## [Supplied material]
=== Section Start ===
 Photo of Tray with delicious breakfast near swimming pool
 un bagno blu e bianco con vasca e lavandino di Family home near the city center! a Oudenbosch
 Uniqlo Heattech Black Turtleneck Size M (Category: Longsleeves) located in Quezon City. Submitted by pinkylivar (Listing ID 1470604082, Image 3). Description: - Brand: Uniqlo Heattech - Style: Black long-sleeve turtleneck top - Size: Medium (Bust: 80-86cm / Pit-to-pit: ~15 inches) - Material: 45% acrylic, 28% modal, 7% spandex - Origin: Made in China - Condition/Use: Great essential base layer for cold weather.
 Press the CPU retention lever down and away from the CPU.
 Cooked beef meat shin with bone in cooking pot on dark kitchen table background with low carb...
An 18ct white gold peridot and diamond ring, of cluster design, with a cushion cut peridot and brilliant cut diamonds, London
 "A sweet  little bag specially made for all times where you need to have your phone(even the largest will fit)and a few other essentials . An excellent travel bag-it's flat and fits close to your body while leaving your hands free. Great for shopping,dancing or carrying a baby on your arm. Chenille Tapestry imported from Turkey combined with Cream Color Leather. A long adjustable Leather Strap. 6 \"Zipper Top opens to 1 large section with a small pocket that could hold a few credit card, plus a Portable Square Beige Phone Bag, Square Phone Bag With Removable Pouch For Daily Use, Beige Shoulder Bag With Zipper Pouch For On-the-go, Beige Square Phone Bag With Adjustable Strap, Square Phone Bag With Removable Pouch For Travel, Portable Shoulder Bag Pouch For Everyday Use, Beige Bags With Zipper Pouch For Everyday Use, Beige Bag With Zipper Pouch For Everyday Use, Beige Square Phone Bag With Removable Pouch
=== Section End ===
=== Section Start ===
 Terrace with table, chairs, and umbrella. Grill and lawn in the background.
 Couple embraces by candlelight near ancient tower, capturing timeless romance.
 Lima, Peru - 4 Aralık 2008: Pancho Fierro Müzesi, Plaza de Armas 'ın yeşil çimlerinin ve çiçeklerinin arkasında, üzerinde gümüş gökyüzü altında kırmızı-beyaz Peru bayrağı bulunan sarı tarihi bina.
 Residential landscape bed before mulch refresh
=== Section End ===
## [Task to complete]
Using the data above, print exactly the lines from the line that contains "Photo of Tray" through the line that contains "Press the CPU", with both included.

## [Your solution]
 Photo of Tray with delicious breakfast near swimming pool
 un bagno blu e bianco con vasca e lavandino di Family home near the city center! a Oudenbosch
 Uniqlo Heattech Black Turtleneck Size M (Category: Longsleeves) located in Quezon City. Submitted by pinkylivar (Listing ID 1470604082, Image 3). Description: - Brand: Uniqlo Heattech - Style: Black long-sleeve turtleneck top - Size: Medium (Bust: 80-86cm / Pit-to-pit: ~15 inches) - Material: 45% acrylic, 28% modal, 7% spandex - Origin: Made in China - Condition/Use: Great essential base layer for cold weather.
 Press the CPU retention lever down and away from the CPU.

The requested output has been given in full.